## Input data
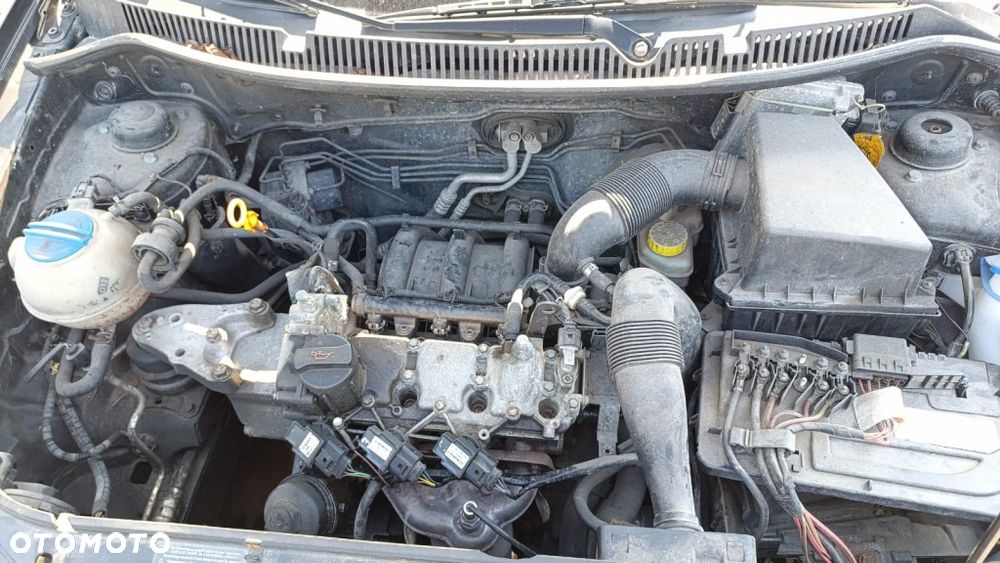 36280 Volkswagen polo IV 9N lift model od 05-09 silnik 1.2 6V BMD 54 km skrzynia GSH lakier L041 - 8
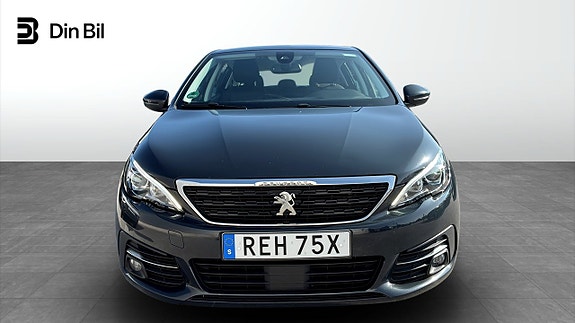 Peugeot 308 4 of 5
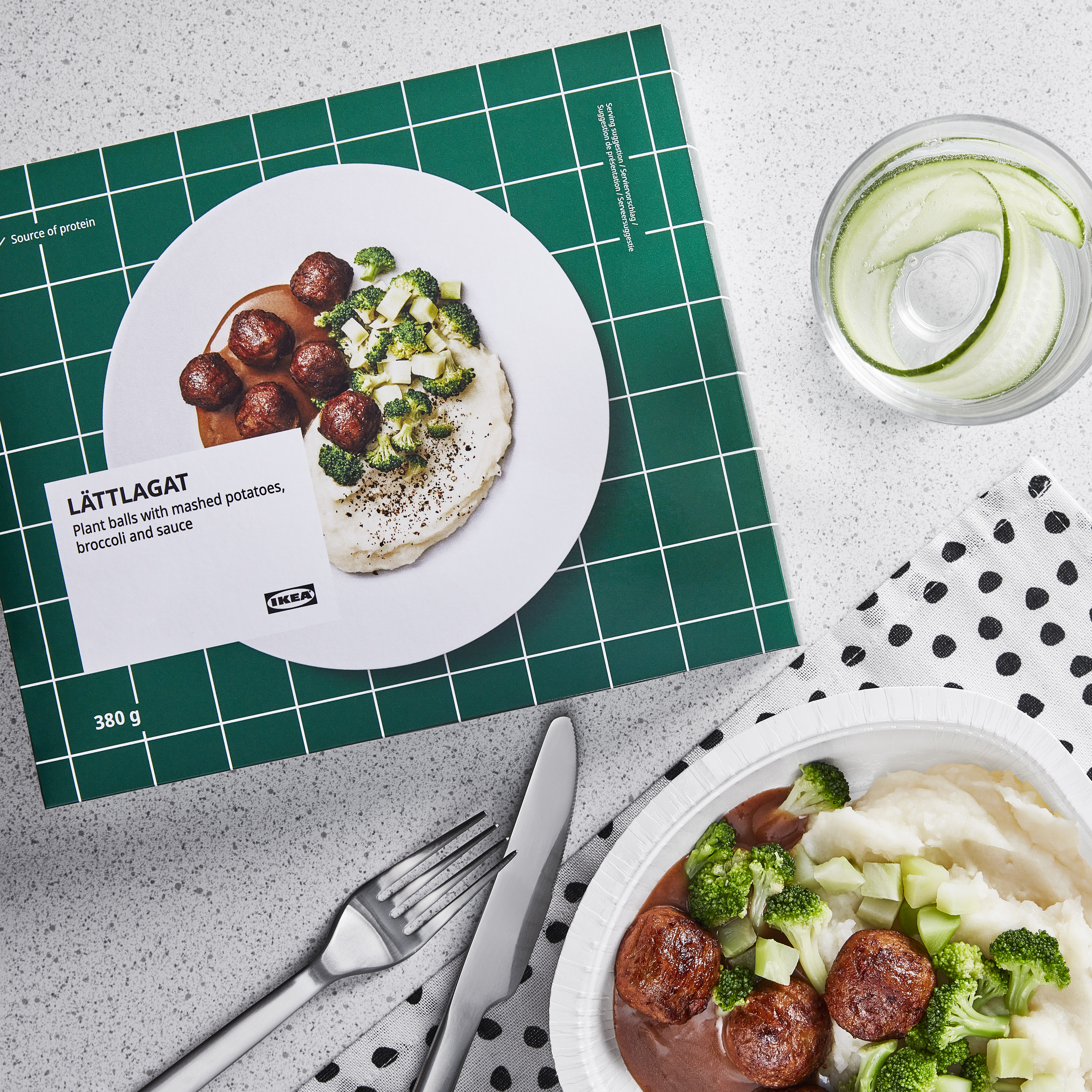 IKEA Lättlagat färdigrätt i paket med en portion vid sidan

--

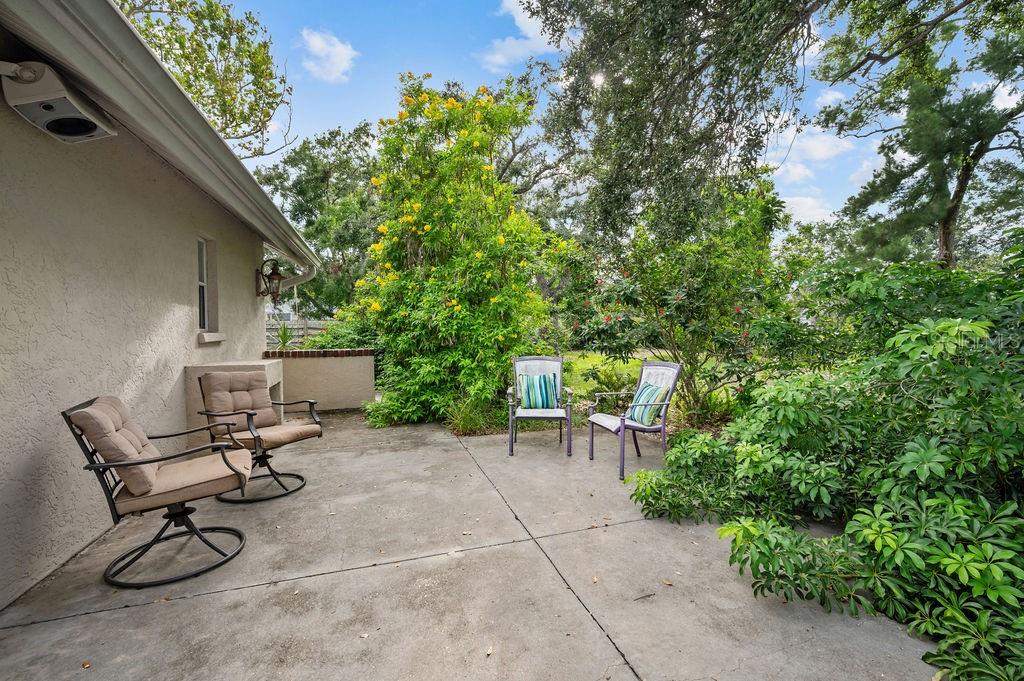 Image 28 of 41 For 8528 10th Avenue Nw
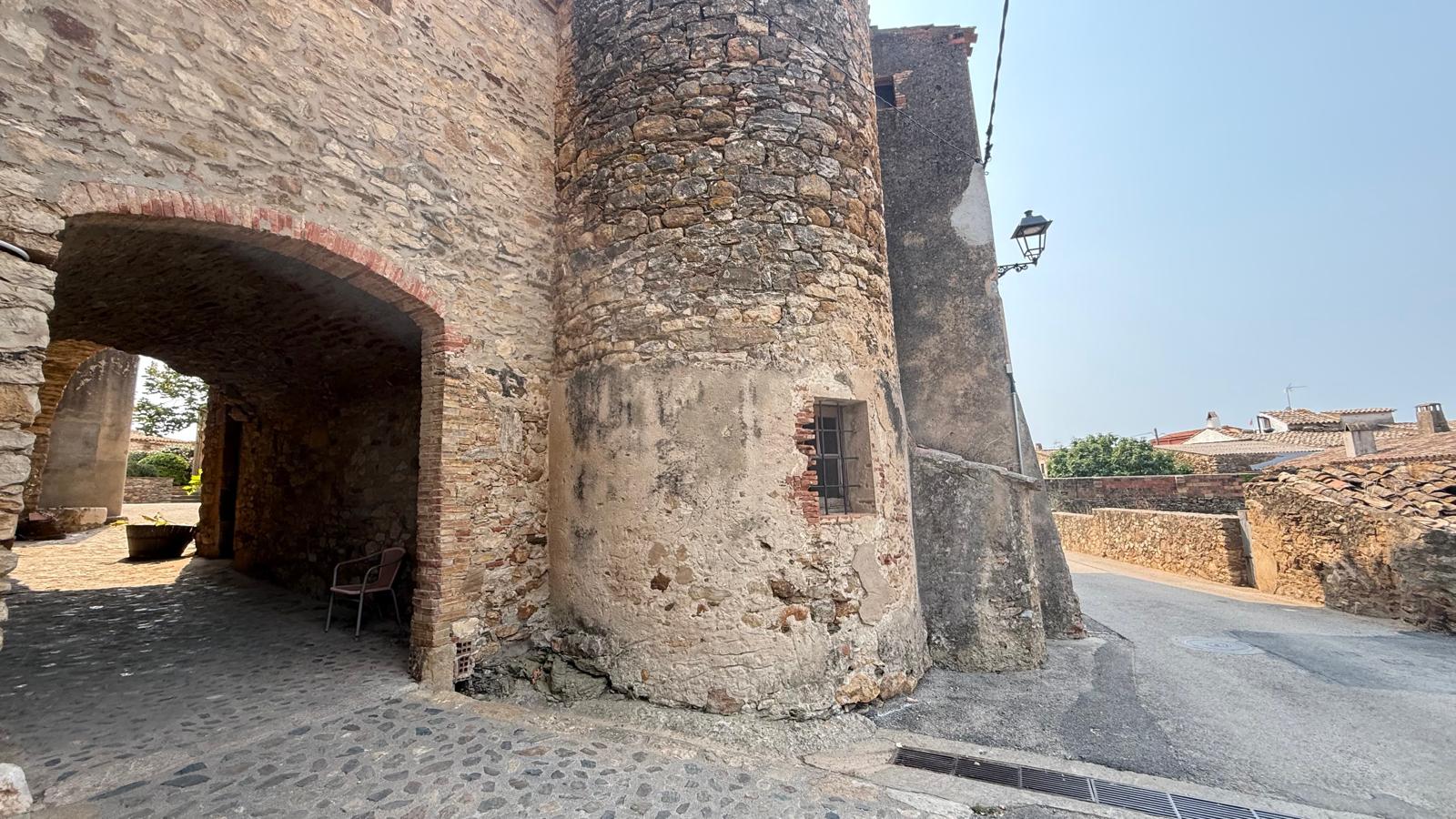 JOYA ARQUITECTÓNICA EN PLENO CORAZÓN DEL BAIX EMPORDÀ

---

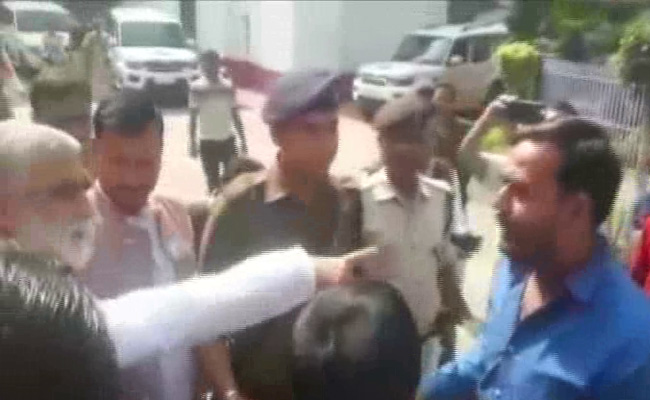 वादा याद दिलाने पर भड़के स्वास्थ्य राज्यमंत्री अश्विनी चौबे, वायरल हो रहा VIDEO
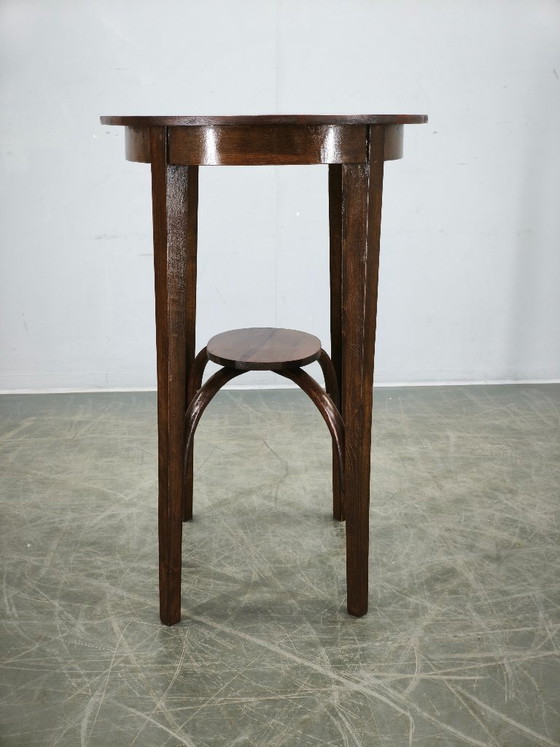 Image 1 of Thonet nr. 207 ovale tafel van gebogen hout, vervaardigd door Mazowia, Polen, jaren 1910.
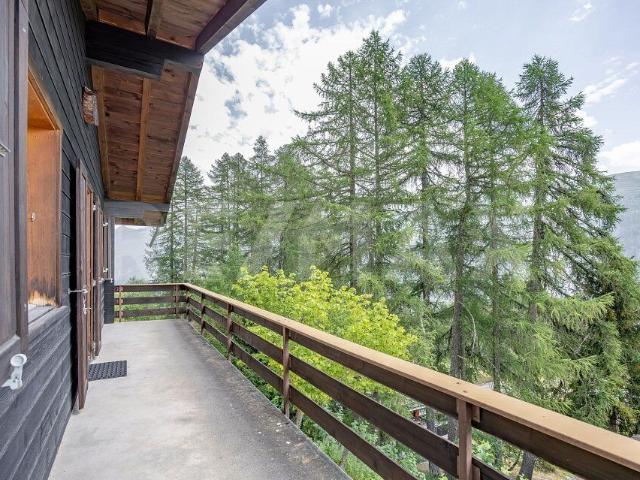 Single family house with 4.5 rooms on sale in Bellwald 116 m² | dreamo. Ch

## Requirement
Print from the line containing "36280 Volkswagen polo" through the line containing "IKEA Lättlagat färdigrätt" in the data above, exactly as the lines stand, and omit every picture.

## Task output
 36280 Volkswagen polo IV 9N lift model od 05-09 silnik 1.2 6V BMD 54 km skrzynia GSH lakier L041 - 8
 Peugeot 308 4 of 5
 IKEA Lättlagat färdigrätt i paket med en portion vid sidan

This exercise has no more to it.